1Tbs. smoked paprika
2 tsp oregano
2tsp garlic powder (maybe some onion powder)

 Yum! My chili has about 3 Tbs of this in it... about one Tbs per pound of meat I use.

I like caramelizing the onions first... I'll have to try that sometime, probably adds some nice depth and sweetness to balance the chiles.


----------



## StephanFowler (Oct 3, 2011)

and the brandy is weird, 

If I set two bowls in front of you, one with the brandy and one without you'd know something was different, but it's really subtle


----------



## The Edge (Oct 3, 2011)

Chili is the first thing I ever learned how to make, and now the recipe usually comes down to my mood at the time.

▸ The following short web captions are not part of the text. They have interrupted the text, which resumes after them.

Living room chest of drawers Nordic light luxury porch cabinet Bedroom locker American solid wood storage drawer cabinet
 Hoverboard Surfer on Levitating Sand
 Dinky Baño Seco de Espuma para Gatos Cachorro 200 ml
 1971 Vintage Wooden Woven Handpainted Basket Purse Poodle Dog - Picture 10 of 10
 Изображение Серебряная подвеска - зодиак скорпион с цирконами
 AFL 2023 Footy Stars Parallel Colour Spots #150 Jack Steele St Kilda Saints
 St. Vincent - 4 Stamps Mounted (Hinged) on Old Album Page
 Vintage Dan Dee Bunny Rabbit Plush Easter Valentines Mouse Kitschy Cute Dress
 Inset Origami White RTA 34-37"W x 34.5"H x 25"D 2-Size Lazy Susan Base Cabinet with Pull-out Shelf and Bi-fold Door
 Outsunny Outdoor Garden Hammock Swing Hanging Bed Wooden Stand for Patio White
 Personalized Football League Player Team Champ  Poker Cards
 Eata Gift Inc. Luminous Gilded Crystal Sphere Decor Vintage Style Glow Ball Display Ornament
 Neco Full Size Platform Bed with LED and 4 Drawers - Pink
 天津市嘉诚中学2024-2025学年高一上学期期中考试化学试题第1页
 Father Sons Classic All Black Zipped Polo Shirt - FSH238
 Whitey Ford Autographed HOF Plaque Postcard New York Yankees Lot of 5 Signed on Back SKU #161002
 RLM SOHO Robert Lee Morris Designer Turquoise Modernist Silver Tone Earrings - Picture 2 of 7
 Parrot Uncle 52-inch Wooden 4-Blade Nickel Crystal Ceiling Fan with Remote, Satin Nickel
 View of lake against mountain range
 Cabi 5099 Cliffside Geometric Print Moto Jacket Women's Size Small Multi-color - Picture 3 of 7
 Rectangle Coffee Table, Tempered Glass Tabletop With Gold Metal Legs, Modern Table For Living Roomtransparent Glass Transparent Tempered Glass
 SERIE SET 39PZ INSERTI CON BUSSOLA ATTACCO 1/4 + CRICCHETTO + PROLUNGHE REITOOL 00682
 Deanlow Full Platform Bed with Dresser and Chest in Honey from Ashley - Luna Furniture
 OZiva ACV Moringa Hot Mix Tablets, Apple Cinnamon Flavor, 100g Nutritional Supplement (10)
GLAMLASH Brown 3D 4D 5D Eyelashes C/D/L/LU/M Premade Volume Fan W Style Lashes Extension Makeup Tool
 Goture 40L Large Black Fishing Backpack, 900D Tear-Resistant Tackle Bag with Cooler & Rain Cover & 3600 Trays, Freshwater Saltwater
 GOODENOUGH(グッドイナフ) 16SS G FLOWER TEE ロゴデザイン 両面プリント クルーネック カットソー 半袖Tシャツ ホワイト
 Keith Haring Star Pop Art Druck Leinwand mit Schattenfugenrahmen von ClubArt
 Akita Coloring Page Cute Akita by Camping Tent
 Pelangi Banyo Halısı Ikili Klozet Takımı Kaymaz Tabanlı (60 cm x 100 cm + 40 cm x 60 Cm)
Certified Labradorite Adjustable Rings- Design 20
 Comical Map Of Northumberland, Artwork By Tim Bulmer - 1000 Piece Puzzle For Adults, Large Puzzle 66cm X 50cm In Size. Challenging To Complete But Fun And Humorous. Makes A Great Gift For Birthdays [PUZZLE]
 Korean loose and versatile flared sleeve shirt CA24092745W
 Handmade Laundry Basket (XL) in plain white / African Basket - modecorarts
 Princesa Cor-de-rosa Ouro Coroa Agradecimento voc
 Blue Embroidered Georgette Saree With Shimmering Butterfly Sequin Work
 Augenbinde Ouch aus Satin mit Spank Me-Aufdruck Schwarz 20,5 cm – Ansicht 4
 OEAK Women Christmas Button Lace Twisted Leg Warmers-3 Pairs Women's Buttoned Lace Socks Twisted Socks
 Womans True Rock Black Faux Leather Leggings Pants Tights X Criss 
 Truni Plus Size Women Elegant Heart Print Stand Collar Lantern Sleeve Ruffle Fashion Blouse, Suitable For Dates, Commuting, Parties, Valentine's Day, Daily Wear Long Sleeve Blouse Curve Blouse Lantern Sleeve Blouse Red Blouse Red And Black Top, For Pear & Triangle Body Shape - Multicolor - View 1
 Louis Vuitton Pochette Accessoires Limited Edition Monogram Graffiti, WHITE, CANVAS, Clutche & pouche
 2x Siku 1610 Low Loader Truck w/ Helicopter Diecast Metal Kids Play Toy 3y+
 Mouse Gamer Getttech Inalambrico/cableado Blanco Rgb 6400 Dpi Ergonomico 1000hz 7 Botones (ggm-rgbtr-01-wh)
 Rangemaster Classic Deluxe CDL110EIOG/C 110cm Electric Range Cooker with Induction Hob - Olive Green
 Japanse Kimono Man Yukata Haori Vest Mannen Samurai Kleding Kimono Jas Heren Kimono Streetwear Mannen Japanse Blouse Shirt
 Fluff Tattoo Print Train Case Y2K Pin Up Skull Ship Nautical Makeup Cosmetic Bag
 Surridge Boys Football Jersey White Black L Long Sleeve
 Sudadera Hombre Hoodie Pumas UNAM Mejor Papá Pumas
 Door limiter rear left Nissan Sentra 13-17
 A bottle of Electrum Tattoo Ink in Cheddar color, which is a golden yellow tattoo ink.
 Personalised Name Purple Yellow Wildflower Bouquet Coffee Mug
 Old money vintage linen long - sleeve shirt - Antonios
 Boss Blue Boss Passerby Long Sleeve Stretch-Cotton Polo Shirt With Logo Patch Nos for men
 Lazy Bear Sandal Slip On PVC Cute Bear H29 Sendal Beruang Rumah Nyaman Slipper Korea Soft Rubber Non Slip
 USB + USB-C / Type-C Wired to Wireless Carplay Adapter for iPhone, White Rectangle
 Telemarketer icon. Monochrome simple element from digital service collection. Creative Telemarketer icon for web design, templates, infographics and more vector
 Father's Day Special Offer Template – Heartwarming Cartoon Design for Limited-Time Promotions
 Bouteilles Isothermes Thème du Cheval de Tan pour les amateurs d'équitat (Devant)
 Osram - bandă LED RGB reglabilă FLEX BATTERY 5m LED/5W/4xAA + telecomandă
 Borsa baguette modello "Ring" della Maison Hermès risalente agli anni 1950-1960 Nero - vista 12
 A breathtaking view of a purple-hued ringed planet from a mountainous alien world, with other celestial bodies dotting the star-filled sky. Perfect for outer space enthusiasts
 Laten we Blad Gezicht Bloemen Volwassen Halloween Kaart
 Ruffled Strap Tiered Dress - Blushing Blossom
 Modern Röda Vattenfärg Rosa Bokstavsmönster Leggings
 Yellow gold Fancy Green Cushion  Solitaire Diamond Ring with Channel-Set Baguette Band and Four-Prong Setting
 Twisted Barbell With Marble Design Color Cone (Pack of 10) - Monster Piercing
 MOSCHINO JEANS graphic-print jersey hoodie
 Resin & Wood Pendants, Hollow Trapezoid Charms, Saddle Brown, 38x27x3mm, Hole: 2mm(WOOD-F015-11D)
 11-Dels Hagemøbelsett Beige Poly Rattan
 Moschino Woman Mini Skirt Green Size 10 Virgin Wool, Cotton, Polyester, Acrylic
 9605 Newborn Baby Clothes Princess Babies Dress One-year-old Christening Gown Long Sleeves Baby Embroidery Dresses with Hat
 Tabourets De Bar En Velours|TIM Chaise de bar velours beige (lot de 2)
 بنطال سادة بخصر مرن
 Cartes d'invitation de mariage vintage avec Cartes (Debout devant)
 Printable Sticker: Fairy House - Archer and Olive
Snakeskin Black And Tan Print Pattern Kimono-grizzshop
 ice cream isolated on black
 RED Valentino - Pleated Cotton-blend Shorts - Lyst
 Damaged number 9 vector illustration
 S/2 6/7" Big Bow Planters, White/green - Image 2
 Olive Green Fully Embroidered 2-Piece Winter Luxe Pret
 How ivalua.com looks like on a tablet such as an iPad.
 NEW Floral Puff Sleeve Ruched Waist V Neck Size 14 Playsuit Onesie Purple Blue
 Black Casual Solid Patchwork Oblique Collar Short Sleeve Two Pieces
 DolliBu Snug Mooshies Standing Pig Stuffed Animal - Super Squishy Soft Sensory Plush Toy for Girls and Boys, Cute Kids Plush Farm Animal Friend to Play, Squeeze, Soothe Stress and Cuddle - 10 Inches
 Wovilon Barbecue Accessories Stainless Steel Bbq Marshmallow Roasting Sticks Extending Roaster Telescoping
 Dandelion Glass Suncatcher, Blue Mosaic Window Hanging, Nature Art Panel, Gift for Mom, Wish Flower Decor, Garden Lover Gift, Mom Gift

First decision is whether I'm being lazy or not, which is the choice between ground beef and chuck. If I choose chuck, I'll cut it into roughly 1//2" cubes. The meat is then heavily browned, then removed.

Next, I start to caramelize the onion to which I add a mix of the following ingredients:
Guajillo chiles (add a bright vibrant chile flavor)
Ancho chiles (earthy chile flavor)
Chipotle chile (smoky heat)
serano or jalepeno chiles (fresher flavor)
cumin seeds
coriander seeds (I usually double the amount of coriander to cumin, but this is a personal preference)
2 or 3 cloves
and garlic powder

I'll let these flavors develop quite well before I add tomatoes, roasted red peppers, roasted pablanos, and for me beans.
Then I'll add water or stock to cover and simmer for at least 2 or 3 hours.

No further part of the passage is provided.